## DATA EXTRACT
Segment Open

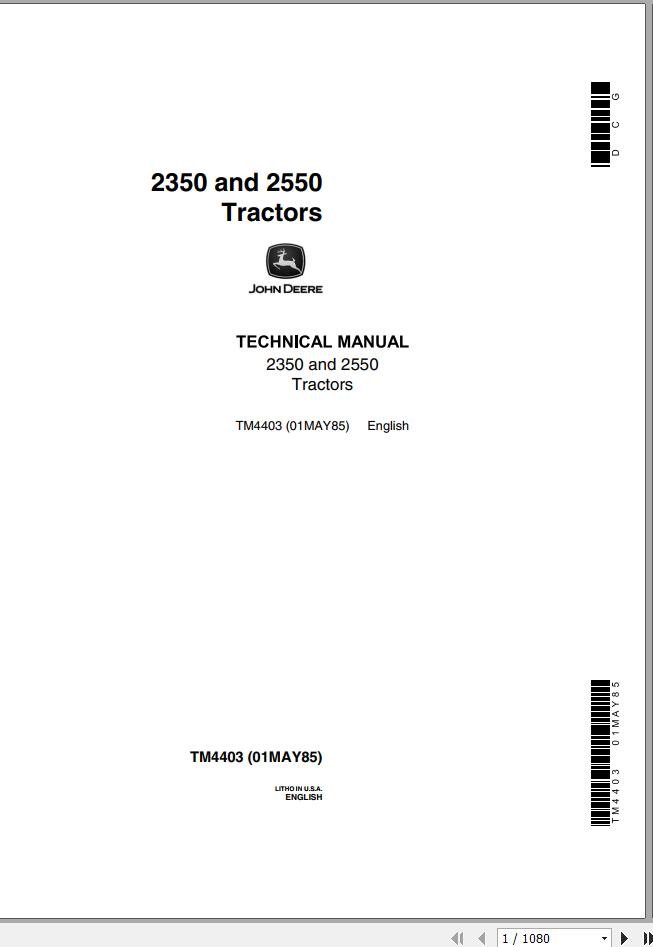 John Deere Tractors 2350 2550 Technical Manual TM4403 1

Segment Closed
Segment Open

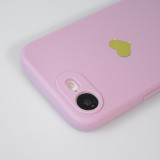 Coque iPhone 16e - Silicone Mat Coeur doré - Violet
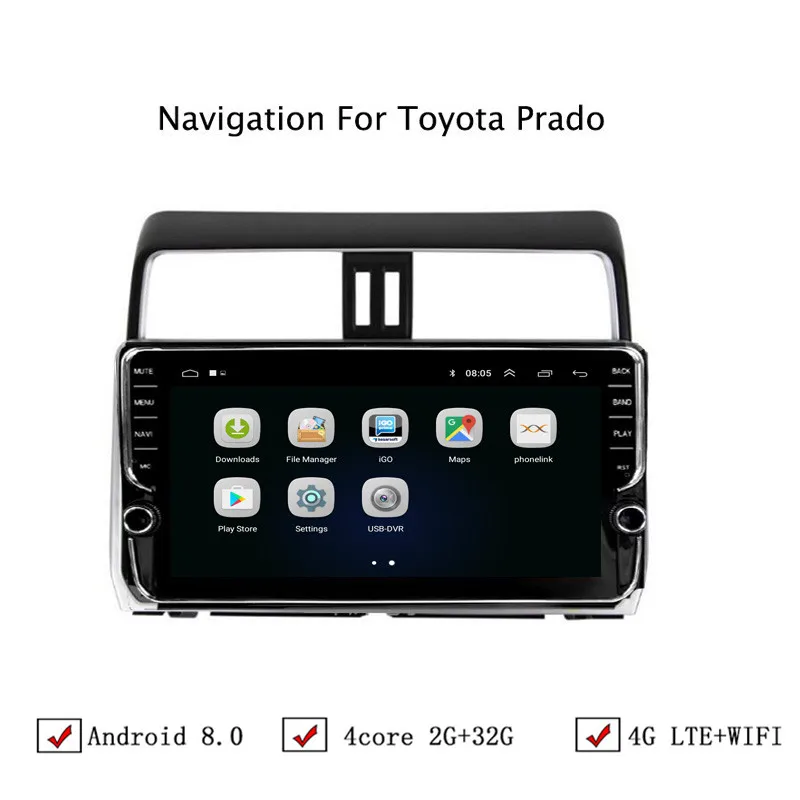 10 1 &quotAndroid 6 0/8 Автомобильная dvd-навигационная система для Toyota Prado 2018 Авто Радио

Segment Closed

## TASK STATEMENT
Only the lines of the listing above from the one with "Coque iPhone 16e" through the one with "10 1 &quotAndroid" should be output, exactly, with both ends kept and pictures left out.

## EXERCISE RESPONSE
 Coque iPhone 16e - Silicone Mat Coeur doré - Violet
 10 1 &quotAndroid 6 0/8 Автомобильная dvd-навигационная система для Toyota Prado 2018 Авто Радио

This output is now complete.